Payroll data were equally depressing. The economy shed 80,000 jobs in January, more than expected, and job losses in the previous two months were revised higher by a combined 67,000. In the past three months, the economy has lost 232,000 jobs.
“The economy just does not come back after three consecutive months of declining payroll jobs,” adds Rupkey.
Now, with even Fed Chairman Ben Bernanke admitting earlier this week that “recession is possible,” the recession debate is now a matter of how long and deep rather than how likely. And that debate's likely to be as contentious and confusing as the first one.
A big factor will be Fed interest rate cuts--past and future—now at 3.00 points and counting. The central bank’s aggressive rate cutting in the 1990-1991 recession helped the economy rebound quickly.
During that period the Fed basically halved rates and economy responded quickly, with the recession lasting just nine months. The Fed’s massive infusion of liquidity and deep rate cuts after the 9-11 attacks are also credited with making the 2001 recession uncharacteristically short and shallow.
“The decline in interest rates is dramatic, “ says Robert Brusca, chief economist of Fact And Opinion Economics. He adds that the “Fed cushioning”--combined with the fiscal stimulus package, which will kick in May when consumers receive the first tax rebate checks--may “prevent a technical recession.”
Breath, depth and duration are all key qualities to a recession. And though it is too soon to say anything about the duration, there’s data enough to support the view that every sector but exports is struggling. Exports may fuel economic growth, but not employment growth, as seen in the perpetual declines in manufacturing jobs.
The industrial side, however, has yet to show the deep contraction of the consumer side.

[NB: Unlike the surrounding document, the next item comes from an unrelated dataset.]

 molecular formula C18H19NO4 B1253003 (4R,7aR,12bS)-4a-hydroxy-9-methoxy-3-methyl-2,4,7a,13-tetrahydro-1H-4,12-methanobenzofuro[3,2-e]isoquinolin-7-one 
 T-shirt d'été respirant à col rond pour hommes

The Fed’s Industrial production data, for instance, didn’t show a decline until February.
Another key will be the housing market, which has been in decline since mid 2006 and slumped severely in 2007, shaving something close to a full percent off of GDP.
“The housing market had been choking on fear,” says Nomura International chief economist David Resler, “But there have been encouraging indications that we are near setting a bottom.”

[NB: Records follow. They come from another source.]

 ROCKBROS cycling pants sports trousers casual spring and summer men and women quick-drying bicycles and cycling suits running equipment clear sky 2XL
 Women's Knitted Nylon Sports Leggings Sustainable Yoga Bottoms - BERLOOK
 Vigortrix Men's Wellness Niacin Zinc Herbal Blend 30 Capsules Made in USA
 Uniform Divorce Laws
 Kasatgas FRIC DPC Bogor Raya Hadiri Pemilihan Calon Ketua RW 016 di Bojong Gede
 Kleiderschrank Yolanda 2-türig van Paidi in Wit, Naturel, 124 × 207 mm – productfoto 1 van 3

In that case, housing could become a neutral, if not positive factor, and "set the stage for improvement"
Optimism aside, Rupkey says the unemployment and payroll data clearly “increases the downside economic risks as the unemployed don't have the paychecks in hand to power consumer spending and the economy forward.”
Bernanke himself isn’t expecting much out of the economy in 2008, telling Congress that the Fed doesn’t “expect economic activity to strengthen in the second half of the year,” but won’t return to “its sustainable pace in 2009, bolstered by a stabilization of housing activity.”
Until that rebound, the difference between no growth and slow growth could be subtle, and, in the case of the labor market, invisible.
During the last recession-expansion cycle, the unemployment rate peaked in 2003, a year and a half after the recession officially ended in 2001.